** Saved entries **
********
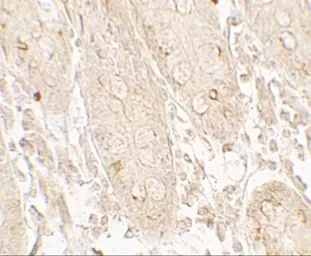 Anti-GRK6 antibody used in IHC (Paraffin sections) (IHC-P). GTX31564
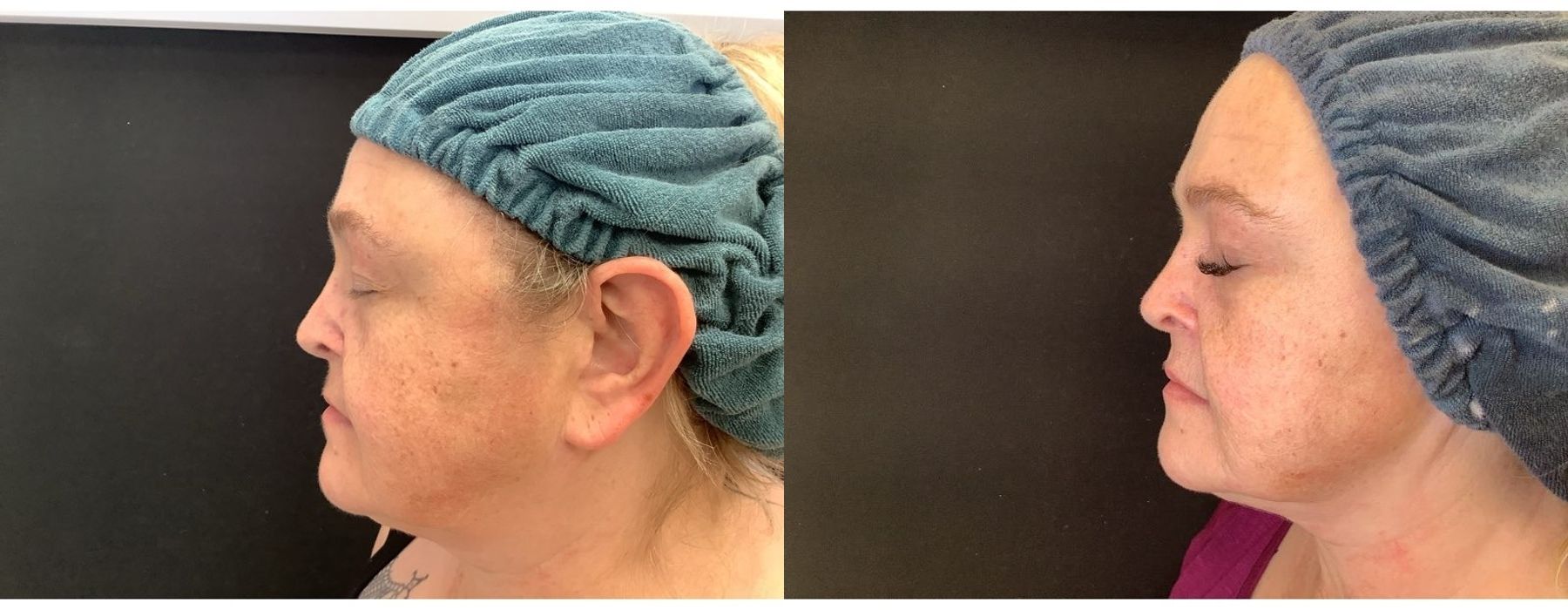 Chemical Peels - Thumbnail 2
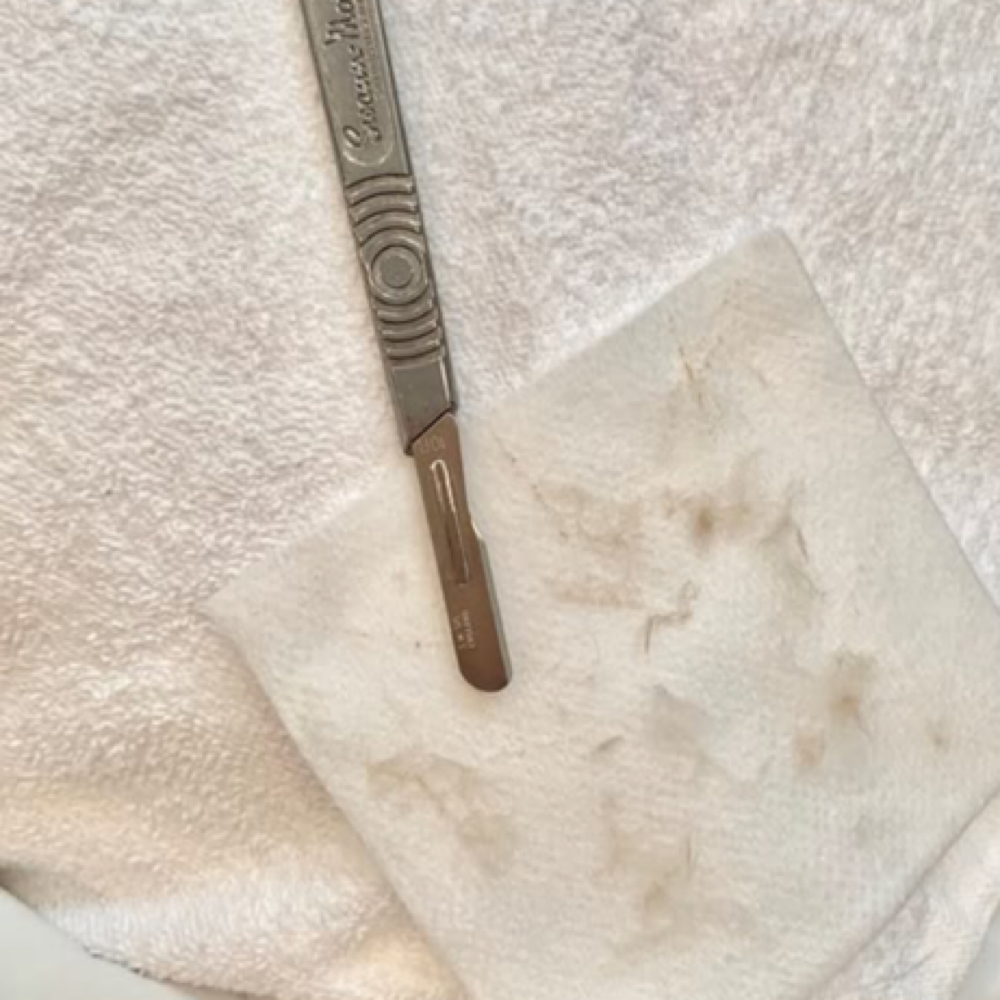 Dermaplaning Facial at LaRue & Co in Maryville, TN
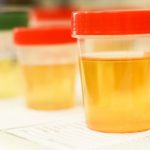 Can You Freeze Urine For Future Drug Tests?
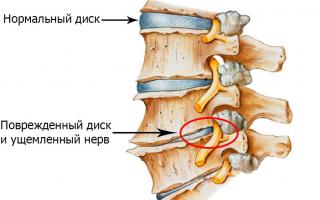 पीठ का ओस्टियोचोन्ड्रोसिस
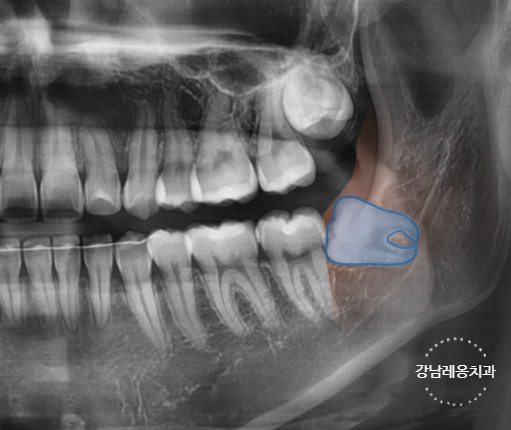 사랑니 발치, 왜 어떤 경우에 대학병원을 권유할까? / 강남레옹치과 관련 이미지 3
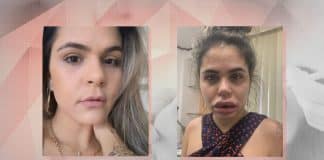 Mulheres denunciam dentista após harmonização facial: rostos deformados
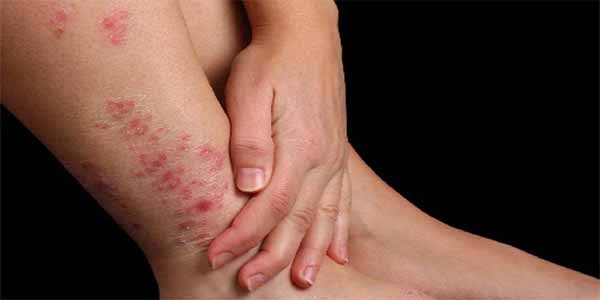 Hình ảnh: Viêm da tiếp xúc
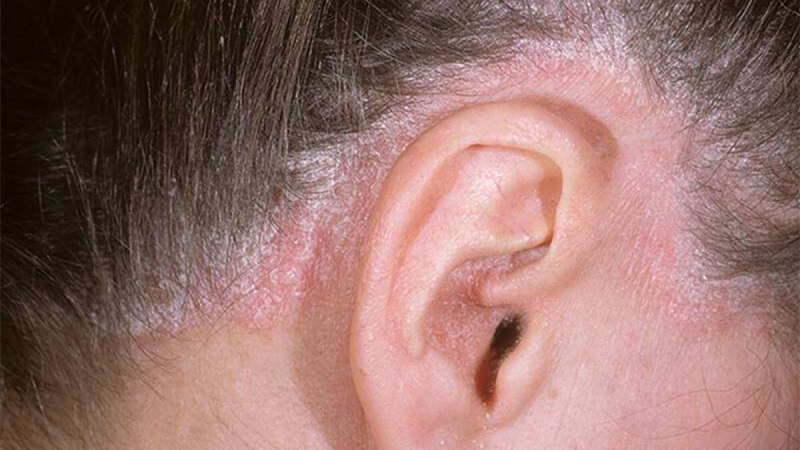 Bệnh vảy nến da đầu: Nguyên nhân, dấu hiệu và cách điều trị 2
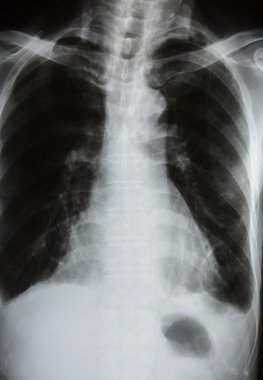 İnsan Göğsünün X-Ray Görüntüsü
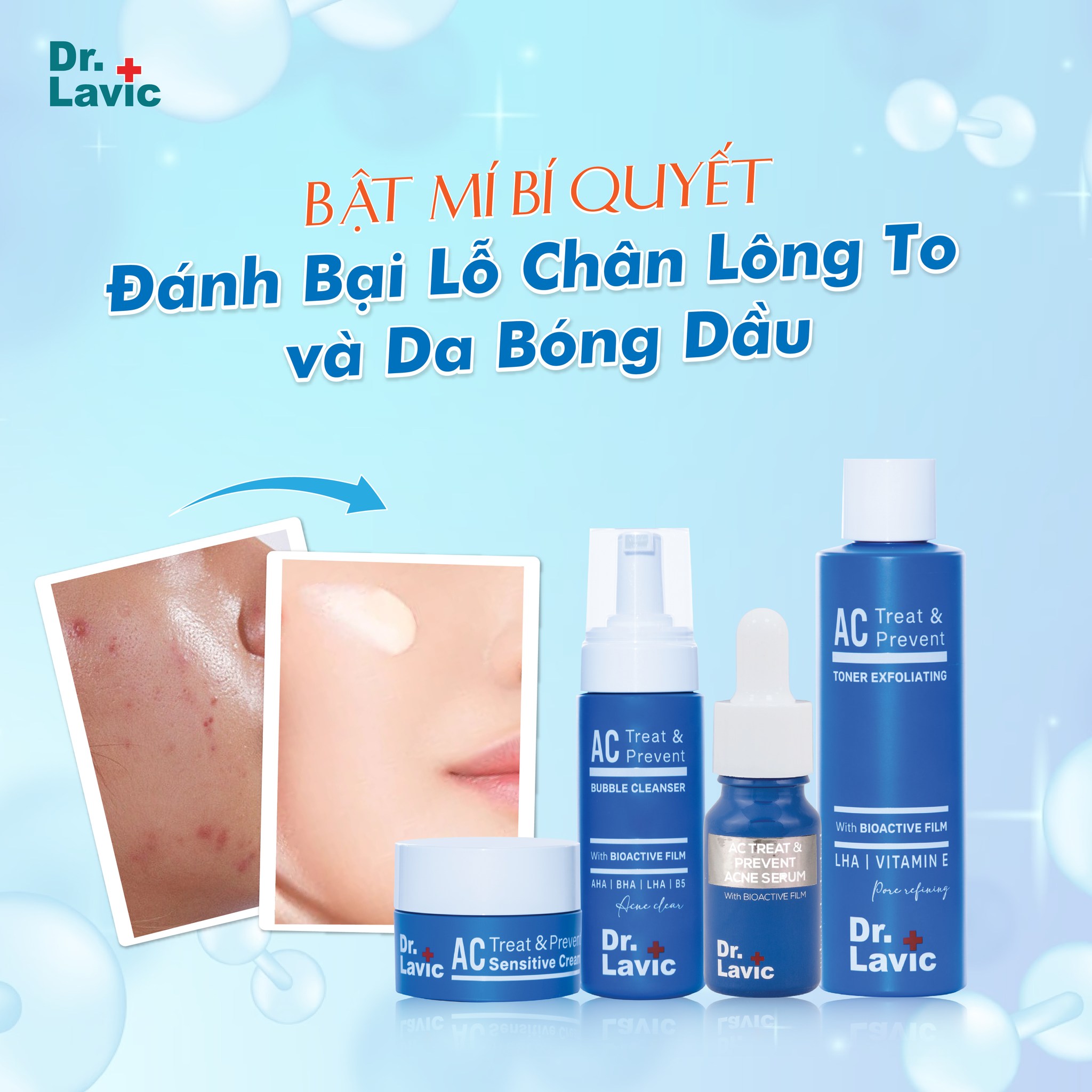 Bộ 4 sản phẩm ngừa mụn Dr.Lavic Acne Home Care kiểm soát dầu sử dụng tại nhà DR961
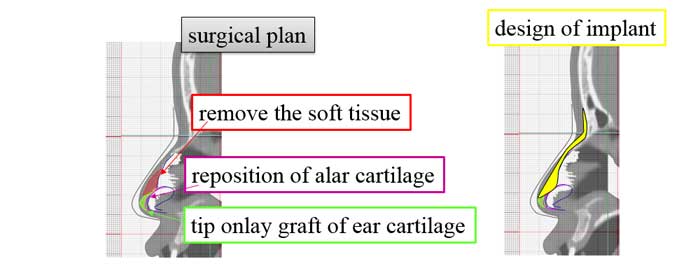 surgical plan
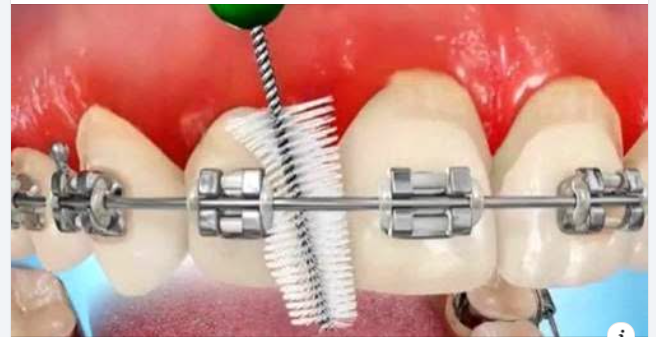 Tại sao nên dùng bàn chải kẽ răng cho răng niềng?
********
** Try it **
Please repeat exactly the lines from the one containing "Bệnh vảy nến" through the end of the entries, both included, omitting pictures.

** Exercise response **
 Bệnh vảy nến da đầu: Nguyên nhân, dấu hiệu và cách điều trị 2
 İnsan Göğsünün X-Ray Görüntüsü
 Bộ 4 sản phẩm ngừa mụn Dr.Lavic Acne Home Care kiểm soát dầu sử dụng tại nhà DR961
 surgical plan
 Tại sao nên dùng bàn chải kẽ răng cho răng niềng?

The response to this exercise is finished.